This brings us to a final point. The above discussion explains why
those of us who are willing take a naively realistic attitude towards
the language of set theory—e.g., those of us who have no qualms
about expressions like “the ordinary English interpretation of
Ω(*x*)”—should remain untroubled by
Skolem's Paradox. It's important to emphasize that this analysis
*also* explains why Skolem's Paradox doesn't introduce
contradictions into various forms of axiomatized set theory, even when
these axiomatizations are themselves understood formalistically or
model-theoretically. From a proof-theoretic standpoint, for example,
there is a difference between unrelativized quantification and
quantification which has been explicitly relativized to some formula in
our language (where this formula is one that, from an intuitive
perspective, serves to “pick out” the domain of countable
model of ZFC). So, there's no *a priori* reason to think that a
sentence with unrelativized quantifiers will conflict with that
sentence's fully-relativised
counterpart.^{[30]}
Similarly, from a model-theoretic
perspective, there is a difference between quantifiers which range over
the whole domain of a model and quantifiers which only range over the
“elements” of some particular member of the model (where,
once again, this member is one which the larger model
“thinks” is a model of ZFC). So, although the naive realism
of sections 2.1–2.4 is useful for expository purposes, it's not
essential to the underlying analysis of Skolem's Paradox.

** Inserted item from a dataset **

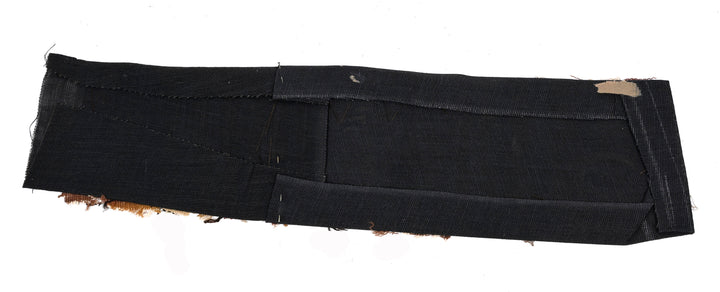 Chancay Textile Panel Fragment with Frontal Deities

## 3. Philosophical Issues

The last section explained why Skolem's Paradox does not constitute
a problem for mathematics. This, of course, has not kept philosophers
from arguing that the paradox *does* constitute a problem for
philosophy. In this section, we explore several attempts to derive
philosophical conclusions from the mathematics surrounding Skolem's
Paradox. Before doing so, however, two cautionary notes are in order.
First, many of the more provocative discussions of Skolem's Paradox are
quite brief—amounting to little more than suggestive comments
made in passing. Hence, much of the discussion of these comments will
have to be somewhat conjectural. Second, many critical discussions of
Skolem's Paradox have focused simply on working carefully through the
paradox's mathematics and then explaining why the paradox doesn't
constitute a genuine mathematical contradiction. Since this material
was already covered in section 2, we won't say any more about these
issues in this section.

### 3.1 Skolem's Views

In the 1922 paper where he originally presented Skolem's Paradox, Skolem used the paradox to argue for two philosophical conclusions: that set theory can't serve as a “foundation for mathematics” and that axiomatizing set theory leads to a “relativity of set theoretic notions” (Skolem 1922). These claims, and Skolem's arguments for them, have attracted considerable attention in the literature. Unfortunately, Skolem's paper is quite compressed, and so it's difficult to determine exactly what these claims were really supposed to amount to. At present, there are three interpretations of Skolem's paper which have some currency in the philosophical literature.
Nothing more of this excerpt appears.